The Muzzafarnagar riots were instigated around the issue of ‘love jihad’, and now the BJP manifesto is talking of creating ‘Anti-Romeo squads’, which is a hidden message against inter-religious marriages, the ‘love jihad’ issue being projected in a newer language. Beef has been the major polarising point for the BJP; now after the Dadri incident they have reaped a rich crop of polarisation around this issue and the manifesto is promising to close down mechanised abattoirs. The BJP’s double-standards about gender justice are frighteningly obvious. While it is very concerned about the issue of Triple Talaq for Muslim women, it is quiet about the atrocities faced by Dalit, tribal and Hindu women. Clearly raising the issue of Triple Talaq has nothing to do with justice for the BJP; it is a stick to beat minorities with, notwithstanding the fact that Muslim women do require the abolition of practices like this which are retarding their social progress.
Sangeet Som, the BJP MLA, had recently circulated the video of his post-Dadri speech. An FIR was registered against him for violating the law and the code of conduct for the polls. Similarly another BJP MLA, Suresh Rana, has been booked on charges of inciting hatred after he said that curfew will be imposed in Kairana, Deoband and Moradabad if he is elected again in the Assembly polls next month.

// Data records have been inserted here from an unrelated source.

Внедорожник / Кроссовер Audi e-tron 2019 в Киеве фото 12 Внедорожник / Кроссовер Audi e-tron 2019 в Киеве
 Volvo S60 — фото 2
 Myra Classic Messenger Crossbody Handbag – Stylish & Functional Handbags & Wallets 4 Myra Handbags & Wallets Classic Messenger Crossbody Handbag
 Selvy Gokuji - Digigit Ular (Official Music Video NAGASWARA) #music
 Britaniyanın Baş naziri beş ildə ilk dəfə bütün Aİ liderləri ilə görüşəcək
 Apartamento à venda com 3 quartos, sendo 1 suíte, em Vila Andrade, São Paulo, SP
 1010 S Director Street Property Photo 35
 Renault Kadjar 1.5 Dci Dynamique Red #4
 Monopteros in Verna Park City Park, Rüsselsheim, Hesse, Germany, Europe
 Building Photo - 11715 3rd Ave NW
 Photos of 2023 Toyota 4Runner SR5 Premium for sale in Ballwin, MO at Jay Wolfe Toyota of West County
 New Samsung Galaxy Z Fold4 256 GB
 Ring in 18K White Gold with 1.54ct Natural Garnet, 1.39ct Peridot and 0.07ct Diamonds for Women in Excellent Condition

Yogi Adityanath has stated that the voters should remember the riots and rapes before casting their votes.
These are a few from the numerous incidents from the speeches of this outfit, whose core electoral strategy has been to polarise the public along religious lines. Through its machinations it has been adding issue after issue to the earlier existing issues like the Ram temple and Article 370. Today it has a large set of such issues which are spelt out by different leaders. Another aspect of this propaganda is that there is also a division of labour among these leaders. While some try to play the development card, some present the communal agenda in a concealed language, others are blunt and direct in rousing communal passions. The Supreme Court has opined that the electoral process should be a secular activity. We need to remind ourselves of that and the Election Commission needs to exercise restraint in a more effective way.
The author, a retired Professor at the IIT-Bombay, is currently associated with the Centre for the Study of Secularism and Society, Mumbai.